Posted 18 January 2012 - 02:18 AM

Although if new things are never tried, nothing is ever advanced.

Trying arbitrary permutations of things without a decent mathematical foundation is not only unproductive, but counter-productive as you cannot really reason about the behavior and properties of the "approximation" you have produced.

This reflects in your confused statements (now some edited away) about just simply applying scaling factors and misuse of terms.

Things like the Carmack sqrt approximation have a foundation in mathematics and architecture (Newton-Rhapson iterations and IEEE754 vs. integer interaction), while your approach just substitutes a function with something with completely different properties and proclaim it to be The Next Best Things without a proper analysis of it.

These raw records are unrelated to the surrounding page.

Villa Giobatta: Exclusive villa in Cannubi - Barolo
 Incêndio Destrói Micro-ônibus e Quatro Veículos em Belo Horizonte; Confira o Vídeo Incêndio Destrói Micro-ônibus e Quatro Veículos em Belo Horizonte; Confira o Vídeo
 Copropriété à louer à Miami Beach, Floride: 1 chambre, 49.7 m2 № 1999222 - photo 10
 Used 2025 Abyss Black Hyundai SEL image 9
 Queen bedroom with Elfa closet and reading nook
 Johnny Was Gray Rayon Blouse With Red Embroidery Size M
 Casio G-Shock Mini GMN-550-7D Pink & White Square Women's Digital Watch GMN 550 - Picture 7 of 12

Heck, a simple mesh plot of your function would have revealed the massive oscillations and regions of infinite results.

###
#14
Members - Reputation: **921**

Posted 20 January 2012 - 09:23 PM

There is nothing about your operation that is "normalization". You do not preserve the direction, nor produce a magnitude remotely approaching unity.

The topic should be named "Mutilation in way too many operations", as it doesn't have any of the properties desirable by division by a norm.

Note that the first line is your "final" version is the square of the length of a vector. If you've gone the length of computing that dot product already, you're just a square root away from a properly working regular normalization, with all the excellent properties it guarantees.

###
#16
Members - Reputation: **1300**

Posted 20 January 2012 - 10:10 PM

It might be slow, but I'm not sure where you got the impression that the sqrt operation is the anti-christ.

###
#17
Members - Reputation: **270**

Posted 20 January 2012 - 10:39 PM

This could work fine for lighting, generating normals as they are needed, but whatever, it's obvious no one here appreciates what I'm trying to do so I'm done.